Exercise aim:
From the first line of the data below, repeat each line exactly until you reach the line with "The moment a"; include that line too.

Crawled caption data
----------------------------------------

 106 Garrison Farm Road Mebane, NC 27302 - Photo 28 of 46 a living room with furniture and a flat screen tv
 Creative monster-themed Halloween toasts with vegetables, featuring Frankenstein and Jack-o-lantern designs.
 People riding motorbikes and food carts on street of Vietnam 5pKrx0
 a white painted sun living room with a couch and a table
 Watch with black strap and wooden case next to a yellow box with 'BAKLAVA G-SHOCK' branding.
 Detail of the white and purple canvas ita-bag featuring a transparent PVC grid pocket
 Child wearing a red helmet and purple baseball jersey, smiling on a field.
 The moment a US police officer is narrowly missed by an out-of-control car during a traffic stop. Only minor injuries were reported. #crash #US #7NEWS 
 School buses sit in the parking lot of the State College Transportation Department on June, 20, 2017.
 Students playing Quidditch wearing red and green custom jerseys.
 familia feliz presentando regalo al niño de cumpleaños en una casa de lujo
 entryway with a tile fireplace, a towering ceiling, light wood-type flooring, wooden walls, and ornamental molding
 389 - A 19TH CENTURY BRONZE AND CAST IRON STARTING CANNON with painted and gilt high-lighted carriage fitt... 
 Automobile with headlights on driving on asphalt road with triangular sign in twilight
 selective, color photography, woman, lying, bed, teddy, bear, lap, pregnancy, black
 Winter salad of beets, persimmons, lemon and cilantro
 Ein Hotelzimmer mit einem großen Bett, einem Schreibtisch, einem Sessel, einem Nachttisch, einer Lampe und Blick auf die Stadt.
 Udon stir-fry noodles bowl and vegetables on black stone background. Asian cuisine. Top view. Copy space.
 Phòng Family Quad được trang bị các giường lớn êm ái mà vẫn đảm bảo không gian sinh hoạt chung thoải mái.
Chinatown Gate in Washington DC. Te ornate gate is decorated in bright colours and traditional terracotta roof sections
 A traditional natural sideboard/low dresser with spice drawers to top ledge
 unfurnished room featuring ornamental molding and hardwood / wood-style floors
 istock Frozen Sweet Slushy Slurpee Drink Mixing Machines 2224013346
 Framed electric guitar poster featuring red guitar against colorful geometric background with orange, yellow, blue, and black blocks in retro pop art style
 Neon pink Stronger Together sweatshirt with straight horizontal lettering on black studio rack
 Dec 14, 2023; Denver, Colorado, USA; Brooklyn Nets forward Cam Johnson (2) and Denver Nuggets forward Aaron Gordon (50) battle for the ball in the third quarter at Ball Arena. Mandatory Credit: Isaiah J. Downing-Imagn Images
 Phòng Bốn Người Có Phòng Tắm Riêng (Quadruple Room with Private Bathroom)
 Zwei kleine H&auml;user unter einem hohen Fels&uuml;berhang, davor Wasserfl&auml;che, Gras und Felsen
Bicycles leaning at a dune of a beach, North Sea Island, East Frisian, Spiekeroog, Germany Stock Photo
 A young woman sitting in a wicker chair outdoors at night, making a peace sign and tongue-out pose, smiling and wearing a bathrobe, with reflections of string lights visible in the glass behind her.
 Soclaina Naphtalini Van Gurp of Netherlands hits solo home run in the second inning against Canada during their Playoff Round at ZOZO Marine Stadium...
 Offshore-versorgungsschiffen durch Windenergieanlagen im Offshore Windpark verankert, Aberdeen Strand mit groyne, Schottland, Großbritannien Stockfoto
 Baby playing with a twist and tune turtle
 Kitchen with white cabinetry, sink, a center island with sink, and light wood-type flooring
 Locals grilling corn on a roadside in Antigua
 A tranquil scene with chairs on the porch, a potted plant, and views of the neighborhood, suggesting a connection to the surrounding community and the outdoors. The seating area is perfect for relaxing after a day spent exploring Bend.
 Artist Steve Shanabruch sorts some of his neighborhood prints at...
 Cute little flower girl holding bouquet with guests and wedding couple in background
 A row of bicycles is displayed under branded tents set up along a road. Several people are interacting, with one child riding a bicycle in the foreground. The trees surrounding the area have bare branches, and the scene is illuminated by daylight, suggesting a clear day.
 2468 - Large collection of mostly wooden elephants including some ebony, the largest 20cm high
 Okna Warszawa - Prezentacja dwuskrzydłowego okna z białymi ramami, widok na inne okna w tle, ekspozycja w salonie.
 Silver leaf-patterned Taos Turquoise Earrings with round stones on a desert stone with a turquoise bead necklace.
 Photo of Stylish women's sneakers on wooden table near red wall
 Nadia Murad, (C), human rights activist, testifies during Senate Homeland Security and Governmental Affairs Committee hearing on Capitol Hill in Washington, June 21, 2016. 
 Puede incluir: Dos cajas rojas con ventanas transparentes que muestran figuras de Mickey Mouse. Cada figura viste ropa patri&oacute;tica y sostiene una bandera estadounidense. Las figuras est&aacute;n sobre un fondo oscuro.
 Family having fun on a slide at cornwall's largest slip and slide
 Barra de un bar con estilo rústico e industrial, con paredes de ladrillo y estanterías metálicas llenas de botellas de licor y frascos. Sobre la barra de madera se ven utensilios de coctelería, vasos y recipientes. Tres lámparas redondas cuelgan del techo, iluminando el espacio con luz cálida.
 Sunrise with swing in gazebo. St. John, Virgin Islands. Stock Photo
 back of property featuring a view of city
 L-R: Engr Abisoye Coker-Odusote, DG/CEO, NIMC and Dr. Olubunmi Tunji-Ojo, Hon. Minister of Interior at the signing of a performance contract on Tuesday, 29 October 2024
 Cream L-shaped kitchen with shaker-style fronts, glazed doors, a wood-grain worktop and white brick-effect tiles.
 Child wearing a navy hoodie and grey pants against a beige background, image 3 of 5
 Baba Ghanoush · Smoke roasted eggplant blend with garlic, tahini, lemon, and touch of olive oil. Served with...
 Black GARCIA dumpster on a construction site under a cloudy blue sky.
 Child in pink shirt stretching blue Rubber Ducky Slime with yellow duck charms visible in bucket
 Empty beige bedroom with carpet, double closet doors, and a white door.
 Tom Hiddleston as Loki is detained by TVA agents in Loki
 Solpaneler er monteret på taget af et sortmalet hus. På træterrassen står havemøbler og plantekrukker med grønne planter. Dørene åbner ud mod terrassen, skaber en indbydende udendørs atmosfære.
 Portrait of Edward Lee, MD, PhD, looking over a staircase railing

----------------------------------------

Output for this task:
 106 Garrison Farm Road Mebane, NC 27302 - Photo 28 of 46 a living room with furniture and a flat screen tv
 Creative monster-themed Halloween toasts with vegetables, featuring Frankenstein and Jack-o-lantern designs.
 People riding motorbikes and food carts on street of Vietnam 5pKrx0
 a white painted sun living room with a couch and a table
 Watch with black strap and wooden case next to a yellow box with 'BAKLAVA G-SHOCK' branding.
 Detail of the white and purple canvas ita-bag featuring a transparent PVC grid pocket
 Child wearing a red helmet and purple baseball jersey, smiling on a field.
 The moment a US police officer is narrowly missed by an out-of-control car during a traffic stop. Only minor injuries were reported. #crash #US #7NEWS 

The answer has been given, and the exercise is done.